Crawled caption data
■ ■ ■ ■
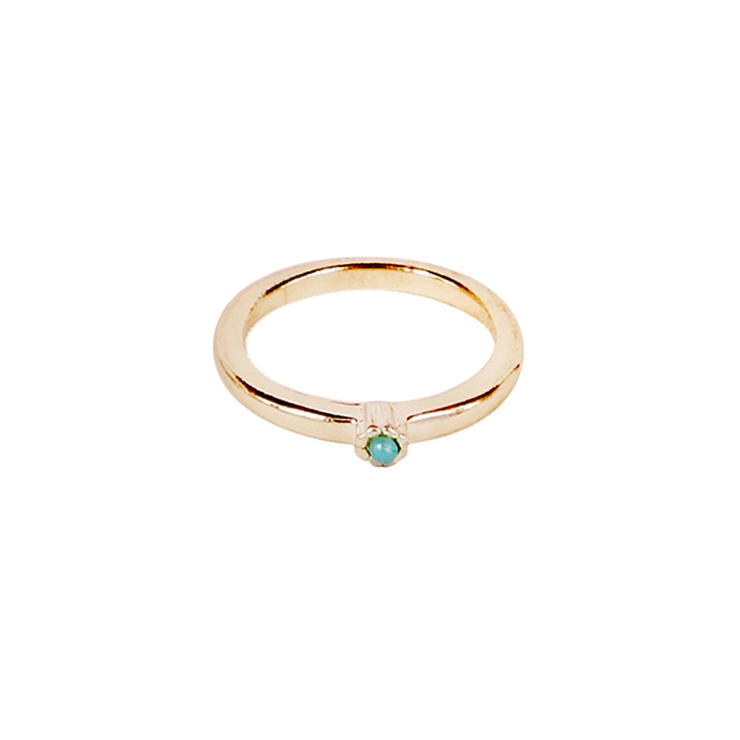 ブルー | ペレットストーンピンキーリング 【ファランジリング ミディリング | LUPIS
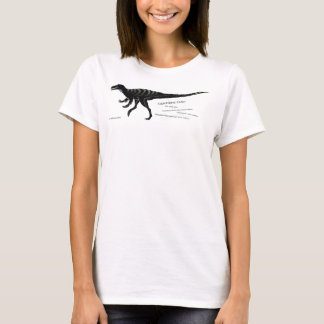 Der Blitz-Greifer-Dinosaurier-Shirt der Frauen T-Shirt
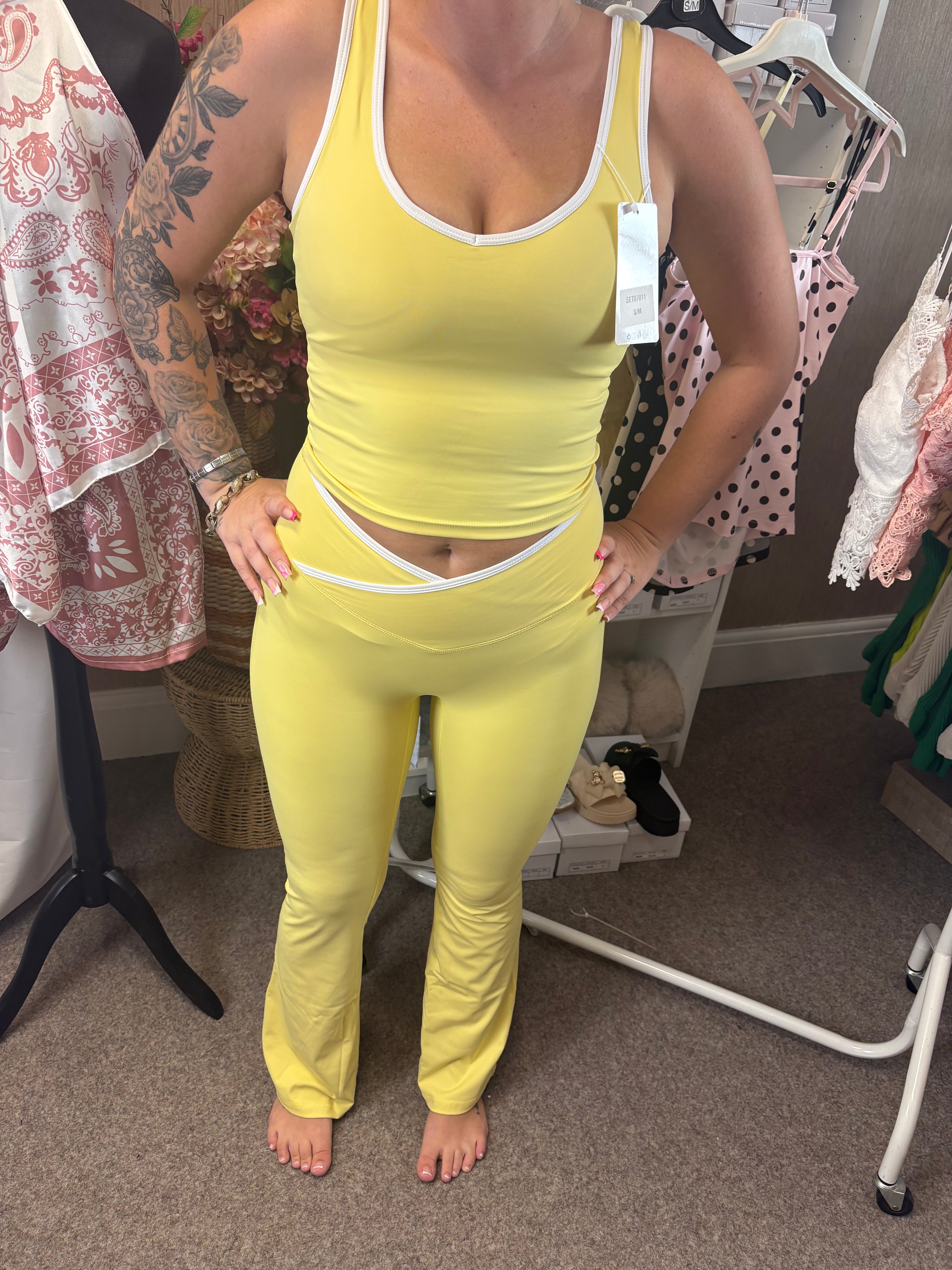 Liv Gym Set – Lemon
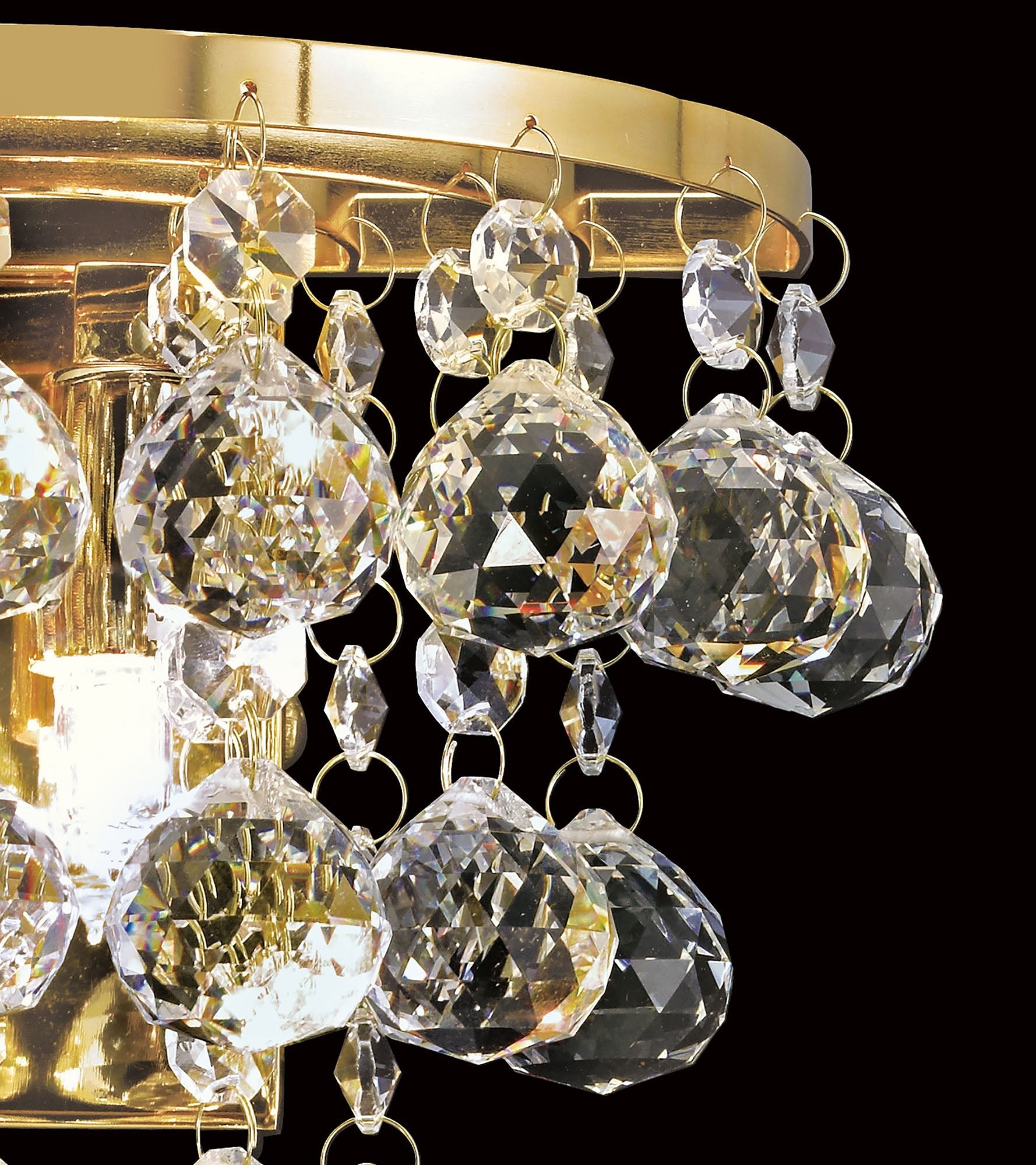 Diyas - Atla Crystal Wall Light - Luminosity Designs Ltd
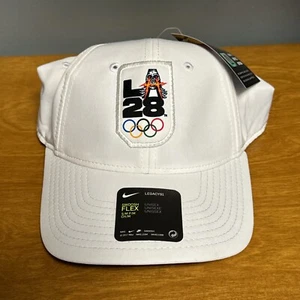 Nike LA28 2028 Skateboarding Heritage Flex Hat Cap White Size S/M - Picture 1 of 7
■ ■ ■ ■
## [What to work on]
Reproduce each entry precisely, dropping only the pictures.

## [Answer to the problem]
 ブルー | ペレットストーンピンキーリング 【ファランジリング ミディリング | LUPIS
 Der Blitz-Greifer-Dinosaurier-Shirt der Frauen T-Shirt
 Liv Gym Set – Lemon
 Diyas - Atla Crystal Wall Light - Luminosity Designs Ltd
 Nike LA28 2028 Skateboarding Heritage Flex Hat Cap White Size S/M - Picture 1 of 7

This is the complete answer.